March 9, 2007


Pakistan is the priority (Anatol Lieven, March 8, 2007, International Herald Tribune)

[I]n the context of the "war on terror" as a whole, defeating the Taliban in Afghanistan is indeed a secondary issue. Of far greater long-term importance is the survival of Pakistan as a state, and its development as a successful modern society and economy.

The reasons for this should be obvious. Afghanistan has always been a backwater of the Muslim world. Pakistan is central to that world's future. It has six times Afghanistan's population, a powerful army and nuclear weapons. Pakistan's relations with India are critical to the peace and development of South Asia. The large Pakistani diaspora in Britain means that Islamist extremism in Pakistan reaches into the heart of the West.
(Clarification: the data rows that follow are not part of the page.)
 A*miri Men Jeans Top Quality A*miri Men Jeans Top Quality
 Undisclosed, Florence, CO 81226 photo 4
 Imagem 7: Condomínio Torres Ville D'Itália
A great deal of the Taliban's support comes from the Pashtun areas of Pakistan, whose people are closely linked to their co-ethnics in Afghanistan, and among whom hostility to the United States is overwhelming.

The Taliban are using these areas as safe havens from which to launch attacks into Afghanistan. This is understandably causing great anger and frustration in both the Afghan government and the West.
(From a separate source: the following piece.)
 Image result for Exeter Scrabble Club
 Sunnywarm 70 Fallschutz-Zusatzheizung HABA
The danger is that if Taliban attacks intensify, and the prospect of Western victory recedes still further, the United States may react either with open military raids into Pakistan or by putting massive and successful pressure on the Pakistani government to launch an overwhelming military offensive against the Taliban and their local supporters in the Pashtun areas.

The very fact that Mr. Lieven has to refer to them as "Pashtun areas" and argue that Pakistan ought not be expected to assert control over them is a demonstration that they are not part of Pakistan.